Preparing for your appointment
You're likely to first see your family doctor, who might refer you to a doctor who specializes in the treatment of arthritis and other diseases of the joints, muscles and bones (rheumatologist) or to a doctor who specializes in disorders of the nervous system (neurologist).
What you can do
Make a list that includes:
- Detailed descriptions of your symptoms and when they began
- Information about medical problems you've had, and those of your parents or siblings
- All the medications and dietary supplements you take and their doses
- Questions to ask the doctor
Take a family member or friend along, if possible, to help you remember the information you're given.
For dermatomyositis, questions to ask your doctor include:
- What is likely causing my symptoms?
- What are other possible causes?
- Are my symptoms likely to change over time?
- What tests might I need?
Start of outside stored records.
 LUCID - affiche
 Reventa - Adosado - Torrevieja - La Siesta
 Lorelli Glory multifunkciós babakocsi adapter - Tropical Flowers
Are special preparations required?
- Are treatments available for my condition? What treatments do you recommend?
- I have other medical conditions. How can I best manage them together?
- Do you have brochures or other printed material I can have? What websites do you recommend?
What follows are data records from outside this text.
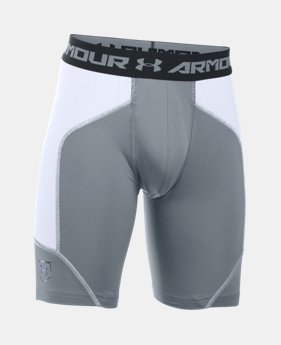Boys' UA Spacer Slider W/ Cup LIMITED TIME: FREE SHIPPING 1 Color Available $29.99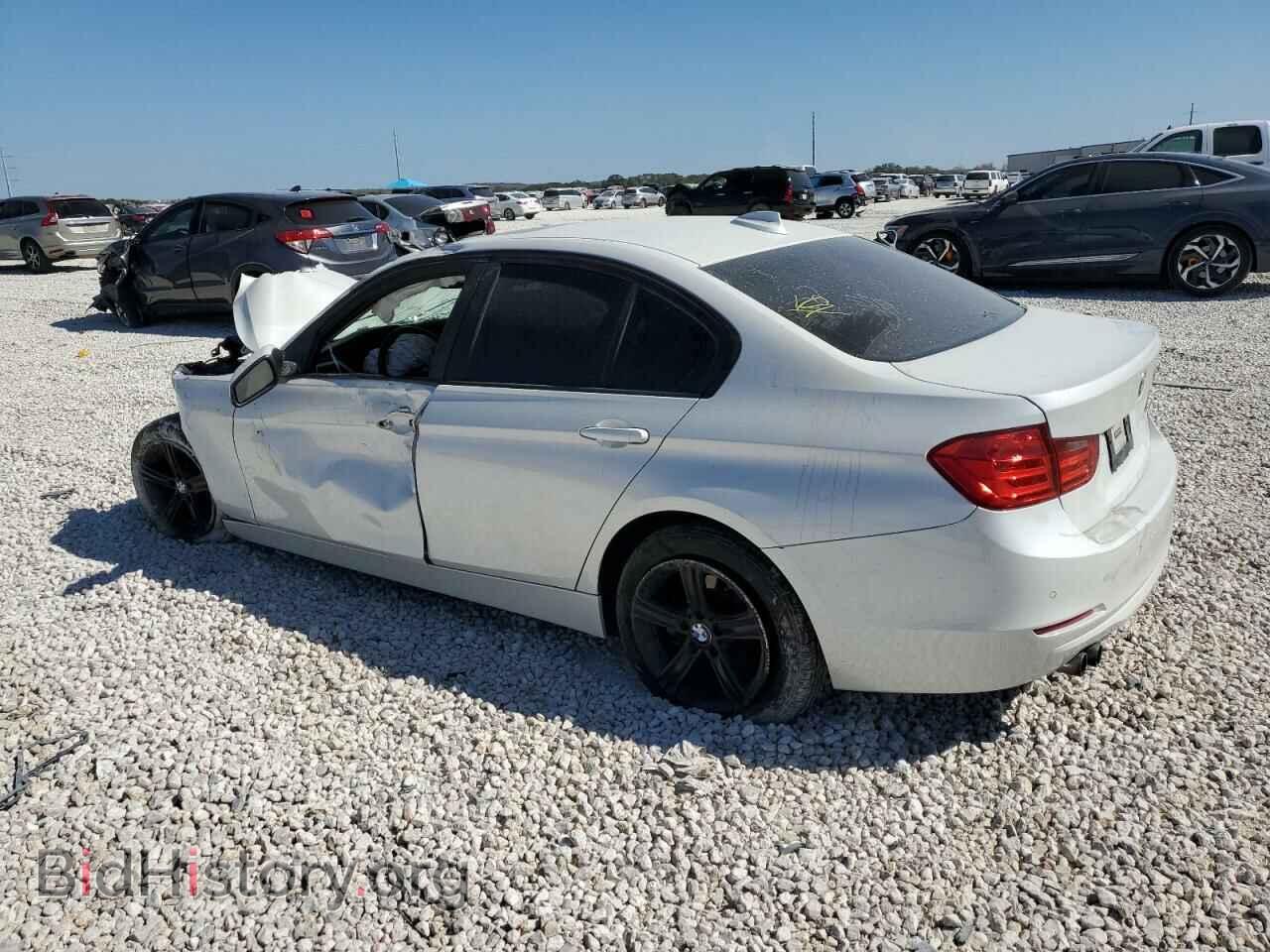 2013 BMW 3 SERIES - VIN: WBA3C1C54DF442734 - Фото 2
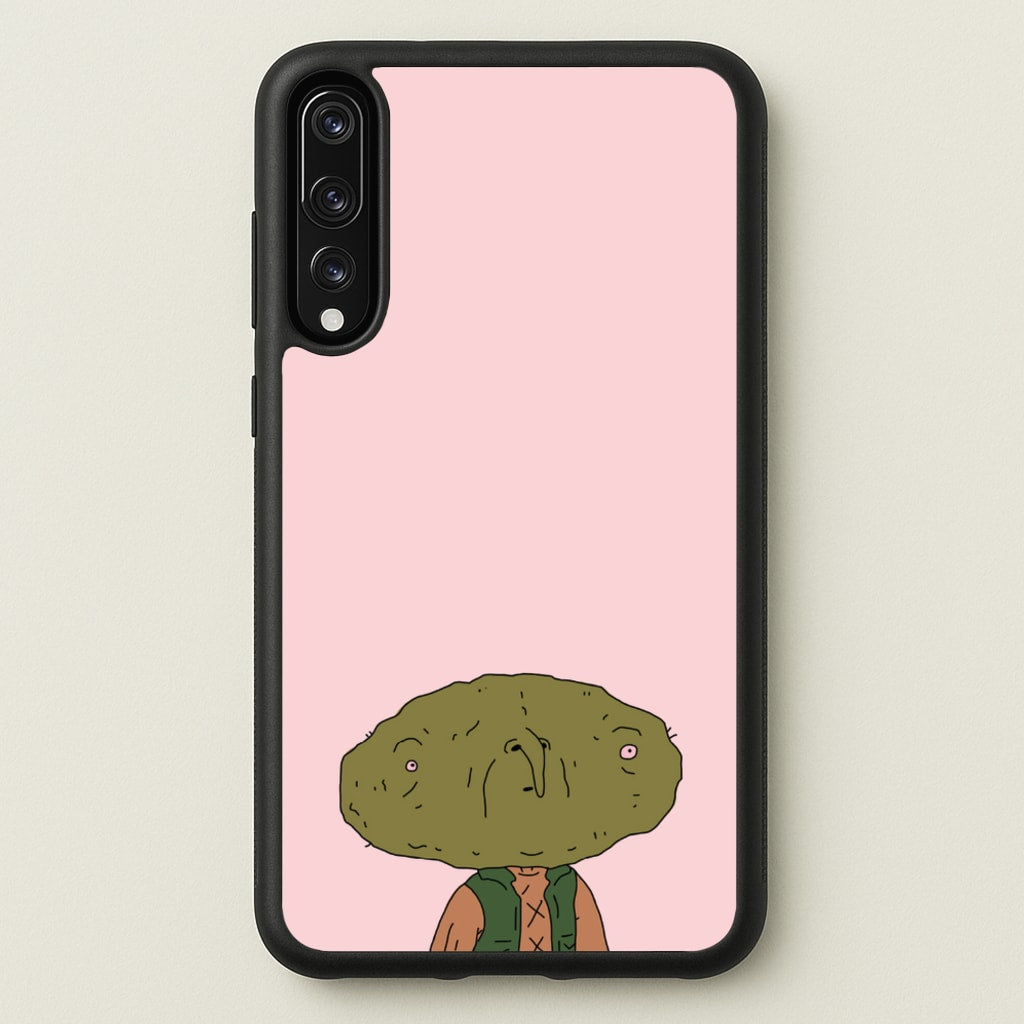 Nugget Man - Big Lez Phone Case for Huawei P20 Pro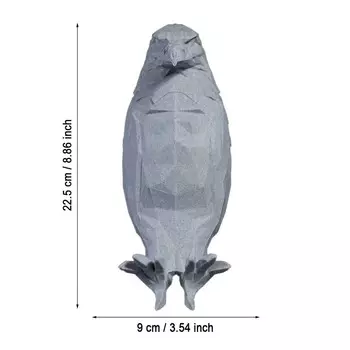 ZEROUNO 3D Настенный светильник Funny Animal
Don't hesitate to ask other questions.
What to expect from your doctor
Your doctor will likely ask you questions, such as:
- Did your condition develop gradually or come on suddenly?
- Are you easily fatigued during waking hours?
- Does your condition limit your activities?
- Has anyone in your family been diagnosed with a condition that affects the muscles?
- What, if anything, seems to improve your symptoms?
- What, if anything, appears to worsen your symptoms?